Your assignment
Omit the pictures and return exactly the stretch of the material below from the line with "Read Naruto (Colorido) PT-BR Manga Online" through the line with "Tapa para Manillar de 7/8 Pulg de Acero Inox".

Material for the task
━━━━━━━━━━
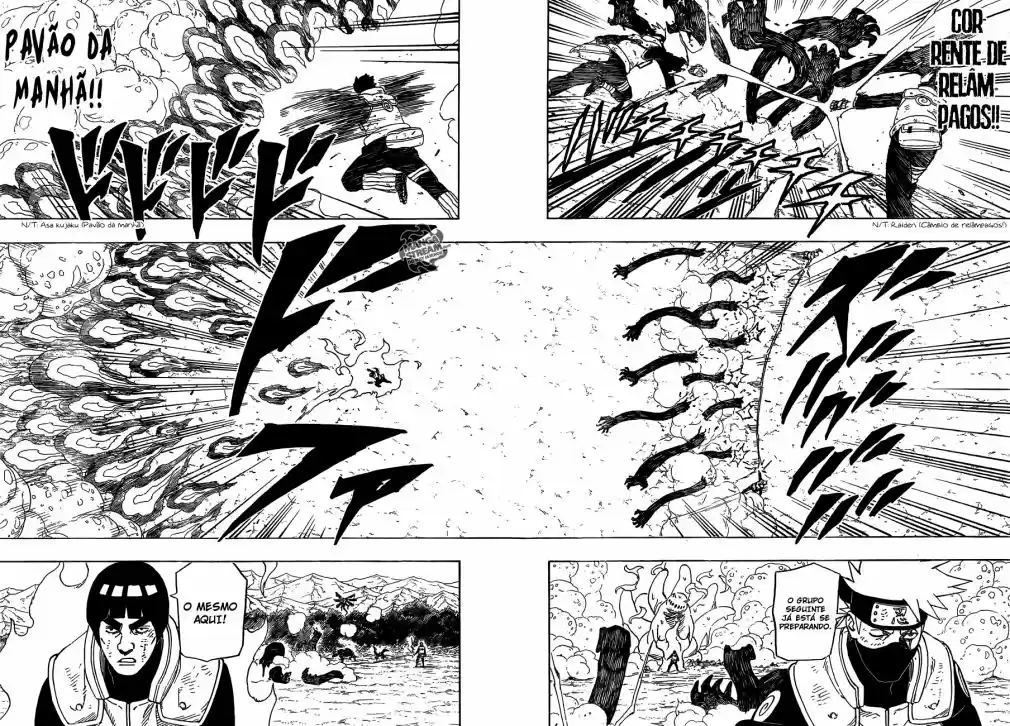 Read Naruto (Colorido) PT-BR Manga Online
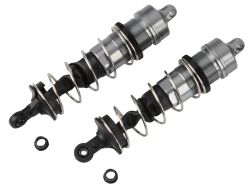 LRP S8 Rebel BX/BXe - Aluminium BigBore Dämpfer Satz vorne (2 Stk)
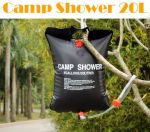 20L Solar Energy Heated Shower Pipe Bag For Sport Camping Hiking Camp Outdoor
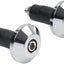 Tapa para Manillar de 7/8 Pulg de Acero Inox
━━━━━━━━━━
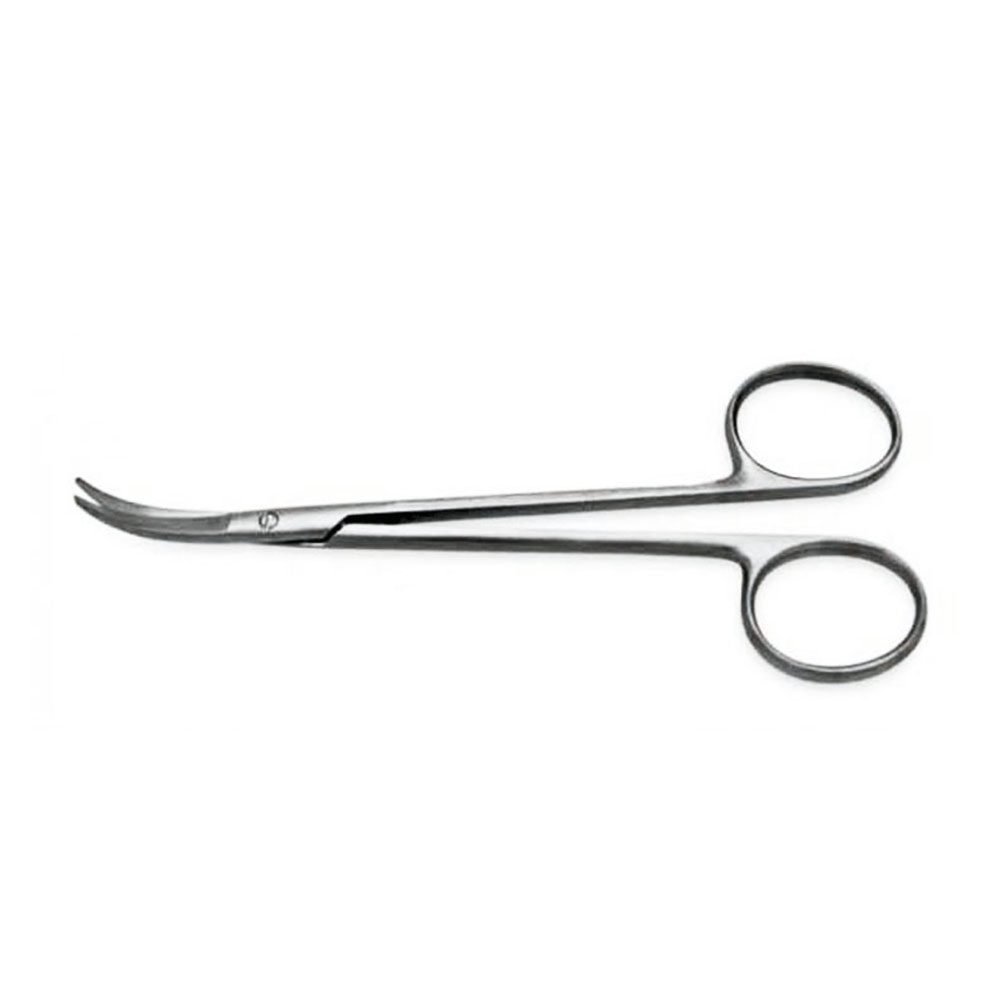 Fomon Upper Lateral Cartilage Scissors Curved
━━━━━━━━━━
Result of this exercise
 Read Naruto (Colorido) PT-BR Manga Online
 LRP S8 Rebel BX/BXe - Aluminium BigBore Dämpfer Satz vorne (2 Stk)
 20L Solar Energy Heated Shower Pipe Bag For Sport Camping Hiking Camp Outdoor
 Tapa para Manillar de 7/8 Pulg de Acero Inox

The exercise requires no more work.